Even more recently, partnered with neighbouring African rivers, the Zambezi continues to shape yet a third library; its sedimentary records are accumulating in Africa’s inland rifts and along its east coast. Sediments began to build this third, more scattered, library system about 30 Ma, in response to widespread tectonics of the East African Rift System (EARS), which includes the Gwembe and Luangwa, and neighbouring rift valleys. Today, recurring subtle rifting and seismic activity reveals the EARS is expanding south through Mozambique, and southwest across Zambia into Botswana.
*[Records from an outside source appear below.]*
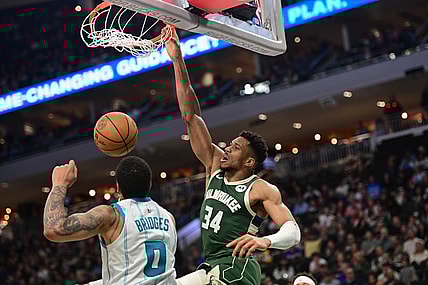 Feb 27, 2024; Milwaukee, Wisconsin, USA; Milwaukee Bucks forward Giannis Antetokounmpo (34) dunks the ball against Charlotte Hornets forward Miles Bridges (0) in the third quarter at Fiserv Forum. Mandatory Credit: Benny Sieu-USA TODAY Sports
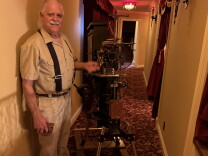 An older man with a gray mustache wearing a tan shirt, white pants and suspenders is handcranking an antique movie projector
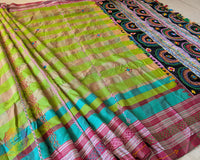 Parrot green checked Ilkal cotton saree highlighting decorative Lambani embroidered bels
The greatest change in over 280 million years of the Zambezi’s evolution entailed the complete reversal of its flow (albeit the Luangwa has always flowed southwest, Fig 4). This reversal in flow, from west to east, of the Middle and Lower Zambezi began as Antarctica and Australia broke away from Africa. The process of break up was protracted, as over millions of years, river by river, flow in the Proto-Zambezi’s catchment was redirected into the Indian Ocean, to reduce the significance of the Proto-Zambezi’s inland terminus (in central Botswana). In converse, the Zambezi’s catchments expanded around its terminus on the Indian Ocean, because aggressive erosion pirated the Proto-Zambezi’s tributaries.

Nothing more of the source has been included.